Lo trágico de esta situación es que limita la capacidad de estos países de inyectar fondos de una manera que se pueda aplanar, ahora sí, la curva de la pandemia. Estos recursos son necesarios no solo para hacer frente al aumento en los costos de salud, sino también para poder financiar el freno a la economía mientas dure el combate al virus. Combatir la pandemia requiere recursos económicos, y si se frena la economía, existirán menos recursos. ¿Cuál es entonces el equilibrio adecuado? Resulta evidente que, con su acceso rápido a recursos, los países desarrollados pueden darse el lujo de manejar los dos objetivos al mismo tiempo. ¿Qué queda entonces para países como Uruguay?
En una columna de estos días en Project Syndicate, el economista Ricardo Haussmann se refirió al dilema de los países emergentes en los siguientes términos:
“Justo cuando los países en desarrollo necesitan hacer frente a la pandemia, la mayoría han visto evaporarse su espacio fiscal y enfrentan grandes brechas de financiamiento (…) En estas condiciones, aún si los países en desarrollo quisieran aplanar la curva, no tendrían la capacidad de hacerlo. Si la gente debe elegir entre un 10% de chance de morir si va a trabajar y se contagia el COVID-19 y morirse de hambre con seguridad si se queda en casa, es muy probable que opte por ir a trabajar. Darles a los países la capacidad financiera para aplanar la curva requiere un nivel de respaldo financiero que no será factible con las estrategias existentes y con los balances actuales de las organizaciones internacionales. Para ayudar a manejar la pandemia en el Sur Global, por lo tanto, es esencial que el dinero que huye de los países en desarrollo regrese. Para hacerlo, el G7 y el G20 deberían considerar varias medidas”.

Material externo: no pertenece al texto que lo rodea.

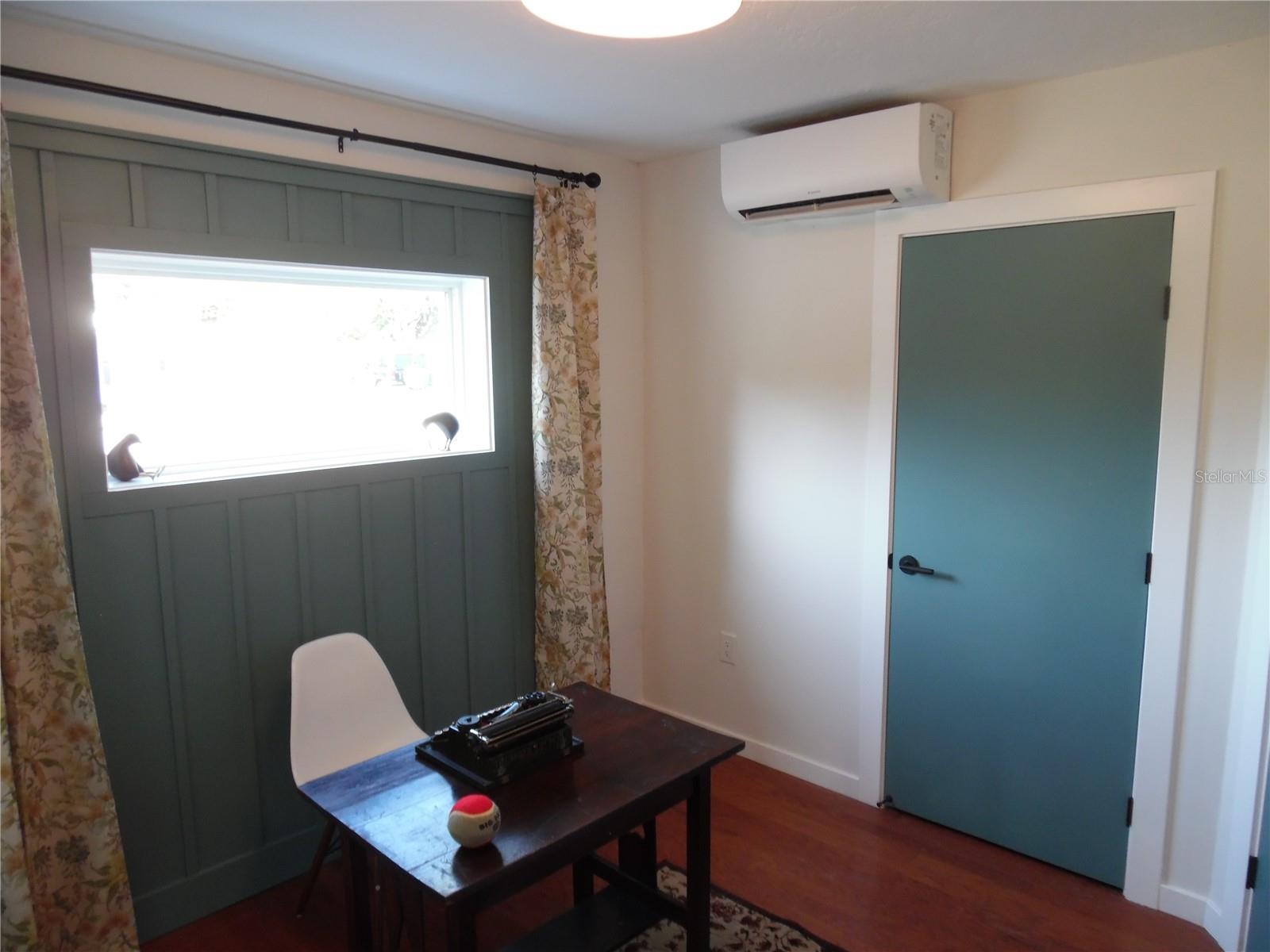 5487 70TH WAY N, ST PETERSBURG, FL — photo 17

En suma, para Haussmann los países emergentes no disponen de los instrumentos con que cuentan los países desarrollados, justamente cuando los fondos de los primeros migran hacia estos últimos. También alerta que la curva relevante para nuestros países no sería necesariamente la que nos enseñaron a mirar en las últimas semanas, sino una curva de indiferencia entre morirse de hambre o morirse por el virus. El mensaje implícito es que medidas que pueden parecer muy adecuadas desde el punto de vista sanitario, pueden poner a la economía en una situación tal que termine provocando aún más muertes.

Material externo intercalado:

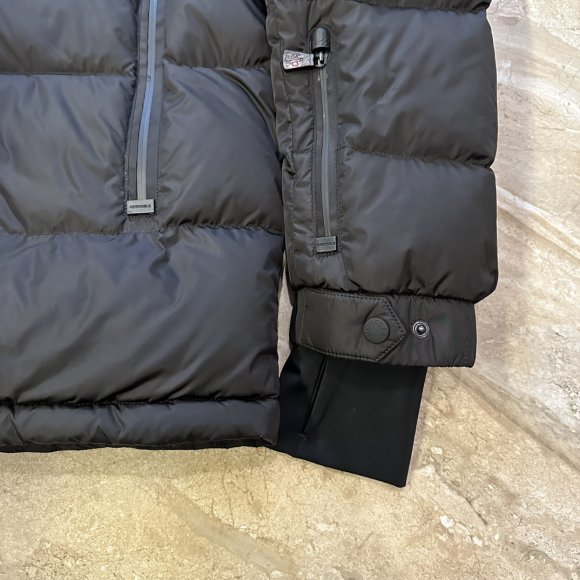 Moncler - Мужская куртка пуховик MI_1112MO5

Esto deja a los sistemas políticos en una disyuntiva tan difícil como la que enfrentaron los espartanos ante la inminente invasión de los persas. Ningún político occidental está en condiciones de plantear una estrategia que se parezca en lo más mínimo a la de Leónidas en la Termópilas. De hecho, cuando el primer ministro británico Boris Johnson pareció sugerir algo que se aproximaba a esto, le cayó todo el peso de la presión internacional y rápidamente cambió el curso.

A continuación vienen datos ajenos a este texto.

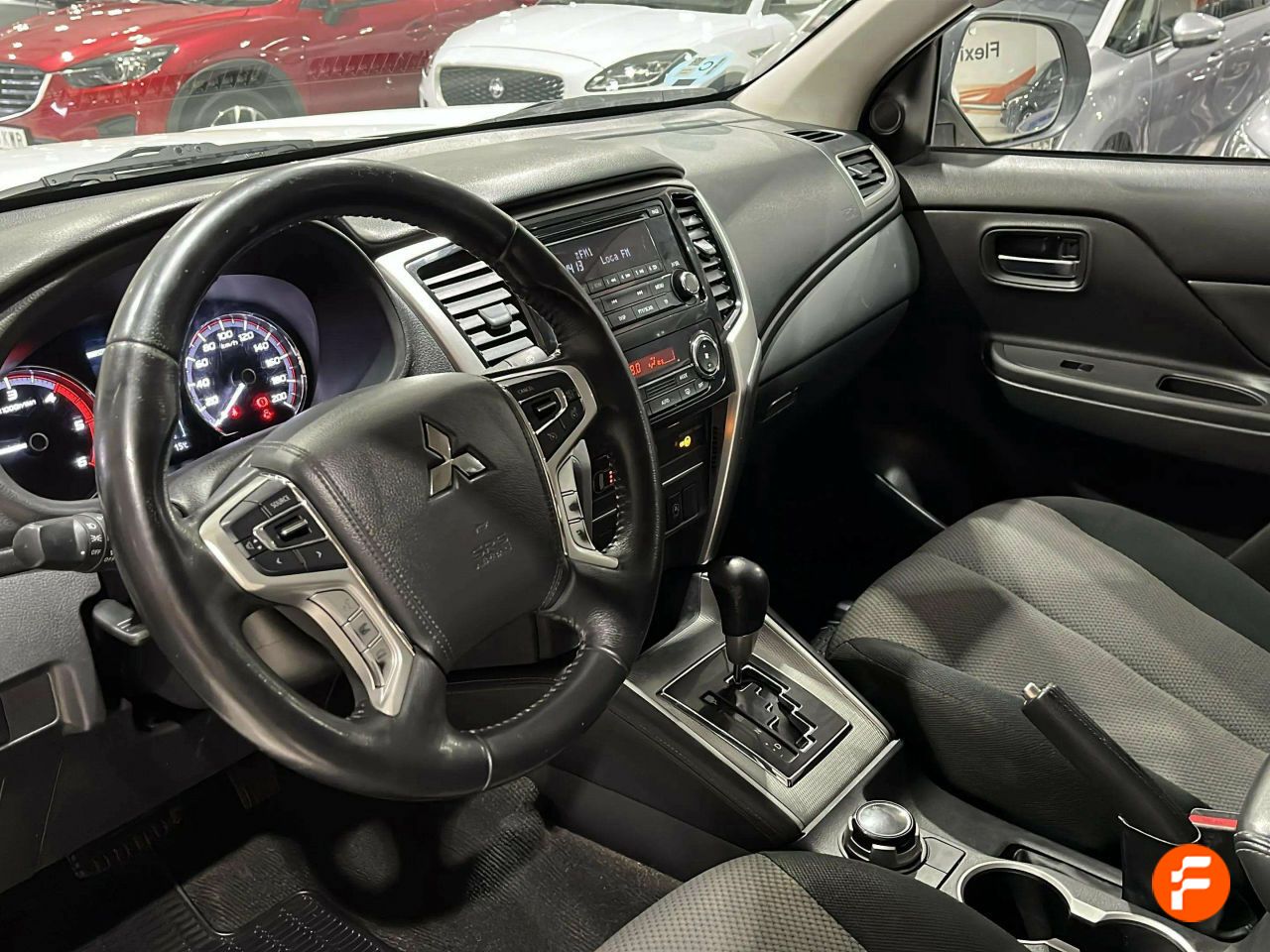 Foto Mitsubishi L200 12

Debemos tener fuerza de voluntad para sobrellevar la crisis, pero al mismo tiempo debemos ser realistas sobre las encrucijada en la que nos encontramos. Cuando esta pandemia termine, habremos perdido seres queridos, seremos más pobres, menos soberanos, nuestra sociedad será más desigual y varias cadenas productivas van a haber quedado seriamente dañadas, si es que no desaparecieron. En gran parte habrá sido el resultado del destino, pero en una parte no menor es consecuencia de una irresponsabilidad anterior que es importante quede debidamente registrada; cosa que los historiadores del futuro tengan menos grados de libertad para alterar hechos e invertir causalidades.